Investment Association calls for Europe to reject Mifid II data pricing rules

The buy-side association has said the provisions have been watered down to the extent that they are "null and void."

The Investment Association, which represents the UK fund and asset manager community, has called for the European Parliament to reject incoming rules on pricing market data.

In a letter to MEPs, the association argues provisions on market data costs and dissemination and data aggregation, set out in Mifid II, “need to be rejected.”

Market participants have grown increasingly frustrated at rising data costs, with many believing that exchanges, which are amongst the biggest vendors of trading data, have been indulging in monopolistic practices, ramping up data fees as well as introducing complex and strict new data licensing measures.

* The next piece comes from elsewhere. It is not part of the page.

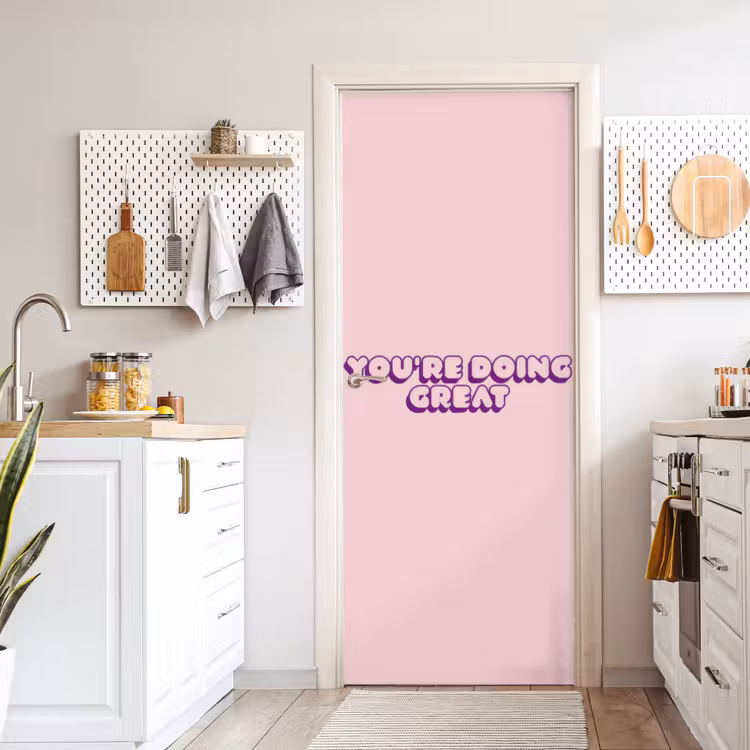 Deursticker - You're doing great - roze - 3D — 7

Provisions within Mifid II have attempted to address this, stating that the price for market data has to be set at a “reasonable commercial basis.” It also states that the price of market data should be based on the “cost of producing and disseminating it at a reasonable margin.”

However, the letter from the association says that the provisions “have been watered down to such an extent to make them, in effect, null and void.”

The association also states that the regulation will allow exchanges and trading venues to define what type of clients use their data, and as a result, means “end-users will be beholden to the discretion of individual trading venues across Europe.”

It has called for a “true mandated consolidated tape” provision which would “decrease costs for end-users of the market.